I am facing one issue where the GraphTraversal hasNext() call got stuck .
The thread from which the Traversal was invoked is still stuck and below is the stackTrace for it.


"MYTHREAD" #80 prio=5 os_prio=0 tid=0x00007f74f82f9000 nid=0x1ab9 in Object.wait() [0x00007f746a8ec000]
   java.lang.Thread.State: WAITING (on object monitor)
        at java.lang.Object.wait(Native Method)
        at java.lang.Object.wait(Object.java:502)
        at io.vavr.concurrent.FutureImpl$$Lambda$226/250860313.run(Unknown Source)
        at io.vavr.control.Try.run(Try.java:105)
        at io.vavr.concurrent.FutureImpl.await(FutureImpl.java:114)
        - locked <0x00000000c42f2e60> (a java.lang.Object)
        at org.janusgraph.diskstorage.cql.CQLKeyColumnValueStore.interruptibleWait(CQLKeyColumnValueStore.java:308)
        at org.janusgraph.diskstorage.cql.CQLKeyColumnValueStore.getSlice(CQLKeyColumnValueStore.java:289)
        at org.janusgraph.diskstorage.keycolumnvalue.KCVSProxy.getSlice(KCVSProxy.java:76)
        at org.janusgraph.diskstorage.configuration.backend.KCVSConfiguration$1.call(KCVSConfiguration.java:97)
        at org.janusgraph.diskstorage.configuration.backend.KCVSConfiguration$1.call(KCVSConfiguration.java:94)
        at org.janusgraph.diskstorage.util.BackendOperation.execute(BackendOperation.java:147)
        at org.janusgraph.diskstorage.util.BackendOperation$1.call(BackendOperation.java:161)
        at org.janusgraph.diskstorage.util.BackendOperation.executeDirect(BackendOperation.java:68)
        at org.janusgraph.diskstorage.util.BackendOperation.execute(BackendOperation.java:54)
        at org.janusgraph.diskstorage.util.BackendOperation.execute(BackendOperation.java:158)
        at org.janusgraph.diskstorage.configuration.backend.KCVSConfiguration.get(KCVSConfiguration.java:94)
        at org.janusgraph.graphdb.tinkerpop.JanusGraphVariables.get(JanusGraphVariables.java:46)
        at MyObjectStrategy.apply(MyObjectStrategy.java:411)
        at org.apache.tinkerpop.gremlin.process.traversal.util.DefaultTraversalStrategies.applyStrategies(DefaultTraversalStrategies.java:88)
        at org.apache.tinkerpop.gremlin.process.traversal.util.DefaultTraversal.applyStrategies(DefaultTraversal.java:124)
        at org.apache.tinkerpop.gremlin.process.traversal.util.DefaultTraversal.hasNext(DefaultTraversal.java:196)
        at MyTraversal.get(MyTraversal.java:300)

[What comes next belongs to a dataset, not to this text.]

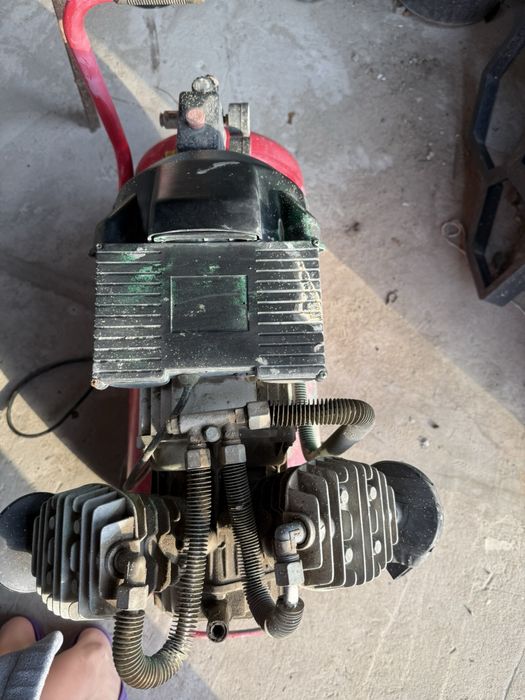 Продам компрессор intertool интертул 50 л, 2 цилиндра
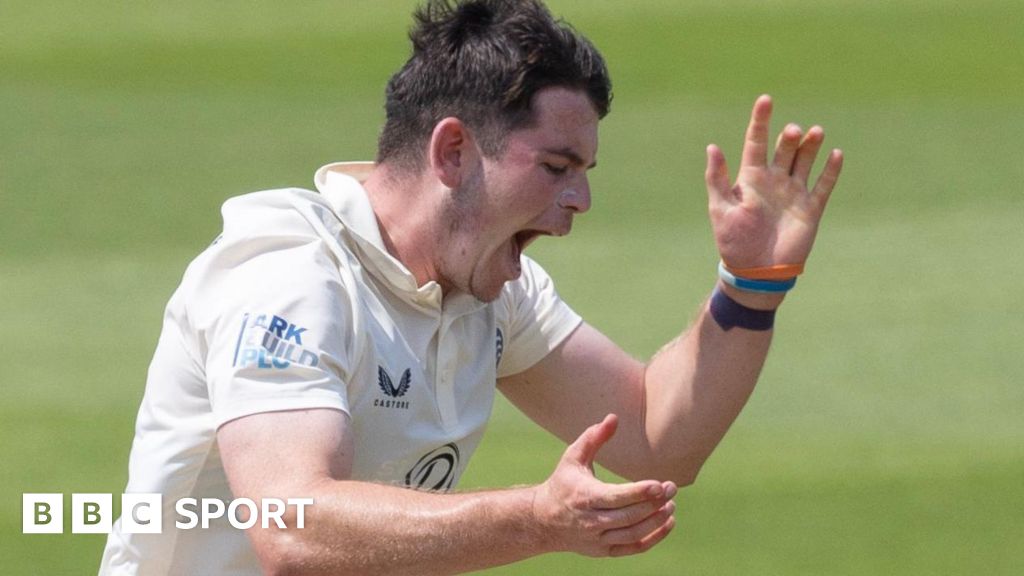 County Championship: Middlesex beat Derbyshire by 194 runs – BBC Sport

As you can see above, the CQLKeyColumnValueStore is waiting on the future object. 
It has been stuck for a couple of days now.

I went through the code of CQLKeyColumnValueStore.java of JanusGraph.
It is executing the sliceQuery using the CQLStoreManager.java's executorService threadpool.
The thread names for above thread pool starts with 'CQLStoreManager'


I checked the state of all  20 CQLStoreManager threads in the my java process and all of them are in PARKING state

CQLStoreManager[00]" #191278 daemon prio=5 os_prio=0 tid=0x00007f73f837e000 nid=0x3f0a waiting on condition [0x00007f73cd46c000]
   java.lang.Thread.State: WAITING (parking)
        at sun.misc.Unsafe.park(Native Method)
        - parking to wait for  <0x00000000c3c26ff8> (a java.util.concurrent.locks.AbstractQueuedSynchronizer$ConditionObject)
        at java.util.concurrent.locks.LockSupport.park(LockSupport.java:175)
        at java.util.concurrent.locks.AbstractQueuedSynchronizer$ConditionObject.await(AbstractQueuedSynchronizer.java:2039)
        at java.util.concurrent.LinkedBlockingQueue.take(LinkedBlockingQueue.java:442)
        at java.util.concurrent.ThreadPoolExecutor.getTask(ThreadPoolExecutor.java:1074)
        at java.util.concurrent.ThreadPoolExecutor.runWorker(ThreadPoolExecutor.java:1134)
        at java.util.concurrent.ThreadPoolExecutor$Worker.run(ThreadPoolExecutor.java:624)
        at java.lang.Thread.run(Thread.java:748)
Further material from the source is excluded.